Mayr's work in the Solomon Islands greatly impressed Dr. Leonard C. Sanford, a patron of the AMNH Department of Ornithology, who urged Mayr's appointment to the department to work on the collections amassed by the Whitney South Sea Expedition. Mayr arrived in New York on 19 January 1931 for a one-year temporary appointment. With the acquisition of the Rothschild collection, Mayr was offered a permanent position at the AMNH. He stayed at the AMNH for the next two decades as the Whitney-Rothschild Curator, working on perhaps the best collection of birds that had ever existed for the analysis of geographic variation, speciation, and island biogeography.
During his time at the AMNH, Mayr published his List of New Guinea Birds (1941), which is still the basic reference on this avifauna, and Systematics and the Origin of Species (1942), which propelled him into evolutionary biology and later into the history and philosophy of biology.
Ernst married Margarete Simon (1912-1990) in the spring of 1935; they had two daughters, Christa and Susanne. In 1937, they moved to Tenafly, New Jersey, where they lived until leaving for Cambridge, Massachusetts, in 1953.
In 1953, shortly after the death of Dr. Stanford, Mayr accepted an invitation to join the Museum of Comparative Zoology (MCZ) at Harvard University as an Alexander Agassiz Professor. This was a research position and did not entail work in the Bird Department at the MCZ or hold teaching responsibilities. Yet he did both. Accepting the MCZ position meant that Ernst had to leave his beloved WhitneyRothschild collection, and subsequently he did little empirical research. He did not leave ornithology, though, and he assumed the editorship of Peters's Check-list of Birds of the World, organizing and overseeing the publication of volumes 8-15 and the second edition of volume 1. He served as the president of the AOU (195759) and of the 13th International Ornithological Congress, in Ithaca, New York, in 1962.

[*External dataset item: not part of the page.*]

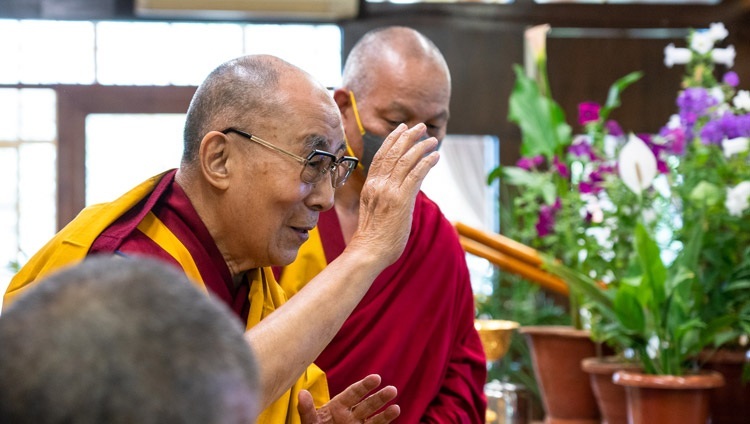 法王公邸からチベット人の若者たちに向けて行われたオンライン法話会2日目。会場に到着されたダライ・ラマ法王。2021年6月2日、インド、ヒマーチャル・プラデーシュ州ダラムサラ（撮影：テンジン・ジャンペル / 法王庁）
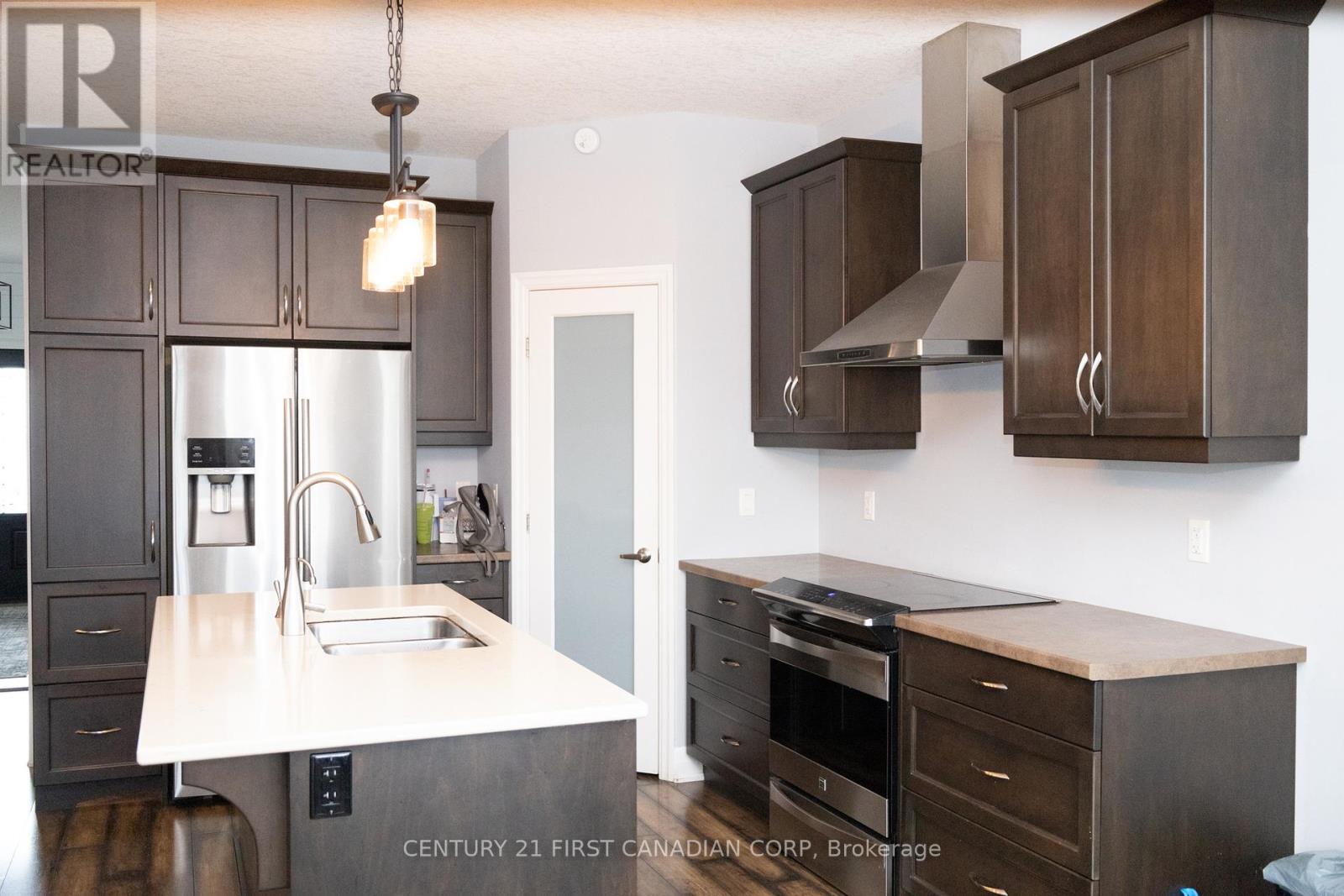 29 Hedges Court, St. Thomas, Ontario  N5R 6G4 - Photo 6 - X12969304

Ernst went to Harvard to become more involved in teaching, which included teaching graduate students. His scholarly interests turned first to evolutionary analyses (Animal Species and Evolution, 1963), then to the history of biology (The Growth of Biological Thought, 1982), and finally to the philosophy of biology (Toward a New Philosophy of Biology, 1988, and What Makes Biology Unique, 2004). Ernst retained his interest in ornithology to the end of his life and was always most happy to discuss avian biology with visitors.
The move to Harvard allowed Ernst to eliminate the hour-long commute between his home and the AMNH. He found an apartment within walking distance of the MCZ and, subsequently, a house even closer on Chauncey Street. His walk to and from the MCZ was an important part of his daily activity, as was an additional long walk later in the afternoon. It was always amusing that in his walk to and from the museum, Ernst took diagonals whenever possible, saying that it cut the distance he had to walk, which seemed illogical, given his longer, voluntary walks in the afternoon. Those walks, which he made into his last year of life, may well have had an important influence on his general health and long life.